# Experimentation using Router Query Engine
This notebook explores how to use llamaIndex's router query engine to allow the handling of both knowledge queries as well as summarization queries. Depending on the question, the engine will route the query to the right index.

In [2]:
%load_ext dotenv
%dotenv

Python-dotenv could not parse statement starting at line 5


In [3]:
from llama_index import SimpleDirectoryReader, StorageContext
from llama_index.indices.vector_store import VectorStoreIndex
from llama_index.vector_stores import PGVectorStore
from llama_index import (
    VectorStoreIndex,
    SummaryIndex,
    SimpleDirectoryReader,
    ServiceContext,
    StorageContext,
)

In [14]:
import nest_asyncio

nest_asyncio.apply()

In [4]:
from decouple import config
import logging
import sys

# logging.basicConfig(stream=sys.stdout, level=logging.DEBUG)
# logging.getLogger().addHandler(logging.StreamHandler(stream=sys.stdout))

OPENAI_API_KEY = config('OPENAI_API_KEY')

In [5]:
import psycopg2

#initialize vectorstore config

PGVECTOR_CONNECTION_STRING = config('PGVECTOR_CONNECTION_STRING')
PGVECTOR_DATABASE = 'vector_db'

connection_string = PGVECTOR_CONNECTION_STRING
db_name = PGVECTOR_DATABASE
conn = psycopg2.connect(connection_string)
conn.autocommit = True


In [6]:
from sqlalchemy.engine import make_url

# Load documents
documents = SimpleDirectoryReader("./data").load_data()

# initialize service context (set chunk size)
service_context = ServiceContext.from_defaults(chunk_size=1024)
nodes = service_context.node_parser.get_nodes_from_documents(documents)

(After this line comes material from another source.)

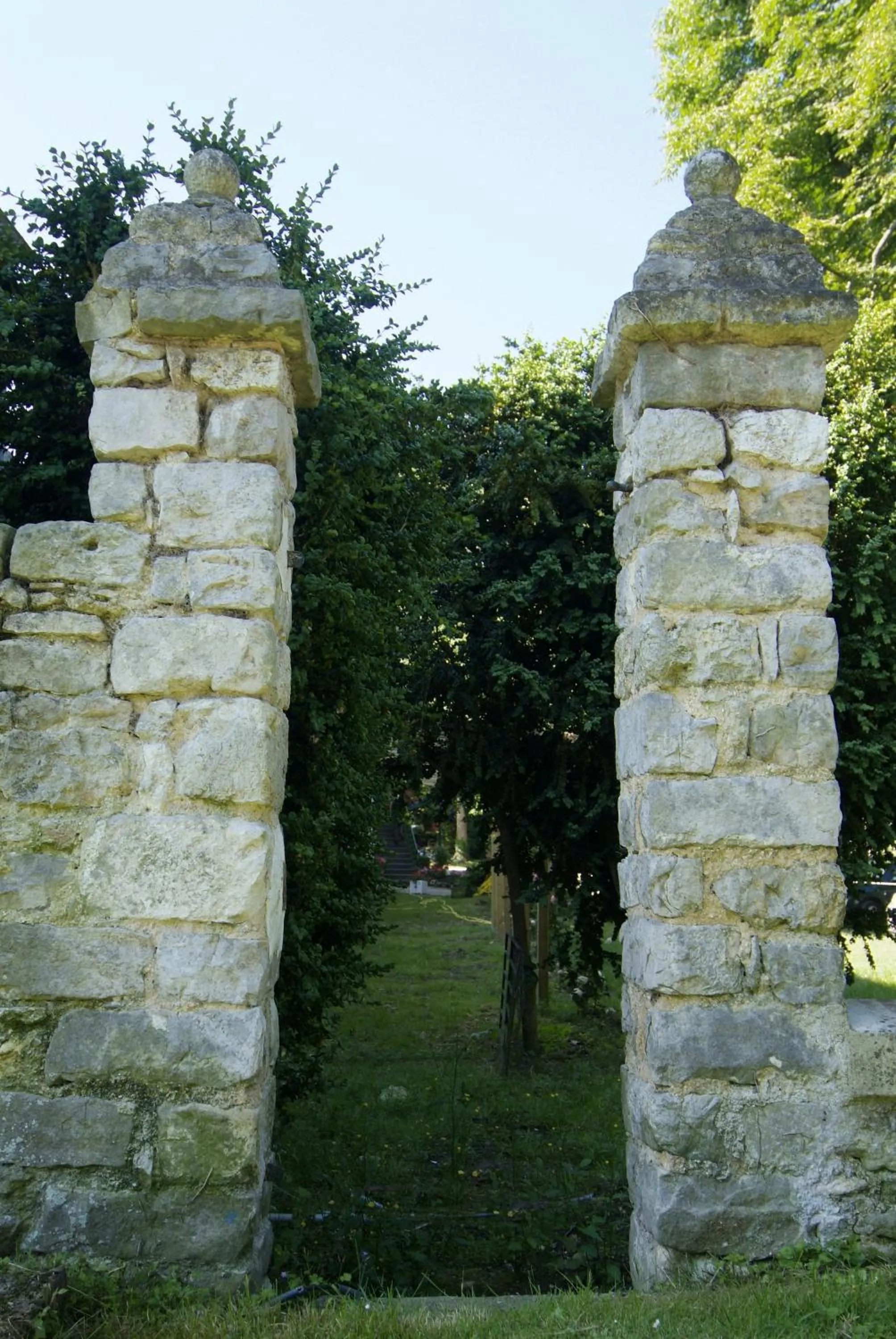 Garden in Hôtellerie Nouvelle de Villemartin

#initialize storage context
url = make_url(connection_string)
vector_store = PGVectorStore.from_params(
    database=db_name,
    host=url.host,
    password=url.password,
    port=url.port,
    user=url.username,
    table_name="DeloitteFutureOfAI",
    embed_dim=1536,  # openai embedding dimension
)

storage_context = StorageContext.from_defaults(vector_store=vector_store)
storage_context.docstore.add_documents(nodes)


In [7]:
#define summary index and vector index
summary_index = SummaryIndex(nodes, storage_context=storage_context)
vector_index = VectorStoreIndex(nodes, storage_context=storage_context)

In [9]:
#define query engines
list_query_engine = summary_index.as_query_engine(
    response_mode="tree_summarize",
    use_async=True,
)
vector_query_engine = vector_index.as_query_engine()

In [10]:
from llama_index.tools.query_engine import QueryEngineTool


list_tool = QueryEngineTool.from_defaults(
    query_engine=list_query_engine,
    description=(
        "Useful for summarization questions related to Deloitte reports"
    ),
)

vector_tool = QueryEngineTool.from_defaults(
    query_engine=vector_query_engine,
    description=(
        "Useful for summarization questions related to Deloitte reports"
    ),
)

In [12]:
from llama_index import SimpleKeywordTableIndex
from llama_index.query_engine.router_query_engine import RouterQueryEngine
from llama_index.selectors.pydantic_selectors import PydanticMultiSelector

keyword_index = SimpleKeywordTableIndex(nodes, storage_context=storage_context)

keyword_tool = QueryEngineTool.from_defaults(
    query_engine=vector_query_engine,
    description=(
        "Useful for retrieving specific context using keywords from Deloitte reports"
    ),
)

query_engine = RouterQueryEngine(
    selector=PydanticMultiSelector.from_defaults(),
    query_engine_tools=[
        list_tool,
        vector_tool,
        keyword_tool,
    ],
)

[nltk_data] Downloading package stopwords to
[nltk_data]     /Users/danielkwik/Library/Caches/llama_index...
[nltk_data]   Unzipping corpora/stopwords.zip.


In [19]:
# either way we can now query the index
response = query_engine.query("What can we liken to C-3PO and Chewbacca?")
print(response)

The qualification requirements of a gold producer are not provided in the given context information.